В Германии всё больше недоставало рабочих рук, и, не дожидаясь принудительной отправки, Мартин сам явился на биржу труда и оформился добровольцем на работу в Германию. Среди вещей,  взятых с собой, он аккуратно упаковал в чемодане и набор для стрижки и бритья, – с рычажной машинкой решил не расставаться. Его отправили в маленький городок на юге Тюрингии, где он, как неквалифицированный рабочий, был назначен на фабрику для производства фанеры и ящиков для боеприпасов. Обеспечили рабочей одеждой и поселили в относительно благоустроенном бараке с двумя десятками других рабочих из Бельгии. Лагерь, хоть и был обнесён высоким металлическим забором, но его не охраняли. На работу и домой отвозили автобусом. Обедали в общей столовой на фабрике. Мартин вывозил на тележке готовую продукцию на склад, где её разгружал. Из заработанных марок едва удавалось что-либо отослать домой. Взятые с собой инструменты ему очень пригодились в лагере. Отбоя от клиентов не было. Кто-то расплачивался марками, а кто-то – сигаретами, шоколадом, галетами и маргарином.
Мартин был неосторожен и завёл роман с немецкой девушкой. Она работала на фабрике учётчицей.  Встречались они в складских помещениях, подальше от посторонних глаз. Худощавая и обольстительная Роземари напоминала ему Соланж.
Донесли в Гестапо. Приехали за ним  на фабрику двое в чёрном «Хорхе». Били недолго, но основательно. Били за то, что  соблазнил немецкую женщину и осквернил арийскую кровь.
– Был бы ты «остарбайтером», расстреляли бы тебя на месте или,  в лучшем случае, топтаться тебе на плацу в штрафном лагере, – мило улыбался сухощавый офицер. –  Но наш фюрер к вам, французам, благосклонен. После  воспитательной беседы мы тебе на прощанье сделаем причёску. Ведь ты же – парикмахер, а выглядишь лохматым. Нехорошо.
Начали обрабатывать его голову сначала  большими портняжными ножницами, завершив стрижку скверной старой машинкой, оставив не голове рваные полосы с клочками волос, как на плохо стриженой овце.
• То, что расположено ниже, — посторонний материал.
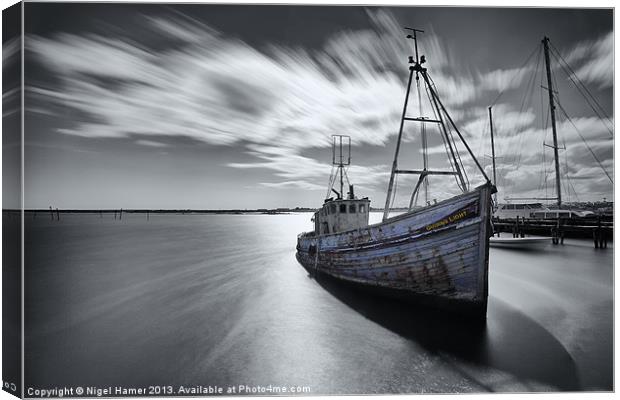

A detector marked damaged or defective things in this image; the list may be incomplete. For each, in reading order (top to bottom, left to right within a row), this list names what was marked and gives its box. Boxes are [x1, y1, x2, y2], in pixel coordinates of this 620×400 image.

rusty boat hull [296, 183, 494, 318]
peeling paint on hull [296, 184, 494, 318]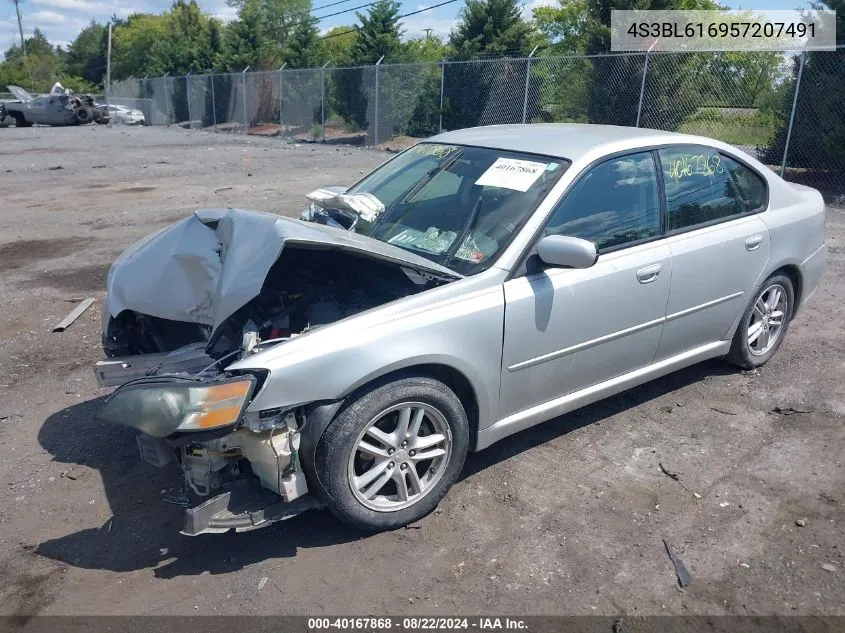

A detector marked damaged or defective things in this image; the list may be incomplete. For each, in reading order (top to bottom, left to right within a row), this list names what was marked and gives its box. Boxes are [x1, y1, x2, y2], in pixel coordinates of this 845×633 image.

Соланж  разглядывала свои локоны в зеркале на туалетном столике. Вот уже год, как уехал Мартин. За всё время она получила от него всего два письма: «Как нужен он теперь здесь».
Немцы ушли из города незаметно. Несколько дней никто не решался выходить на улицу. Не верили, что  они не вернутся снова. И вдруг, ликующие крики огласили улицы. Отряды Сопротивления ворвались в город, а вместе с ними –  страх перед  неминуемой расправой.
Они бросились вымещать свою злобу на женщинах, спавших с врагами.
Аккордеоны исполняли Марсельезу и заглушали крики женщин, над которыми вершили самосуд. Их  стригли наголо, били и срывали одежду. Соланж боялась подойти к окну и тряслась от страха: «Неужели донесут и на неё, ведь она была очень осторожной?».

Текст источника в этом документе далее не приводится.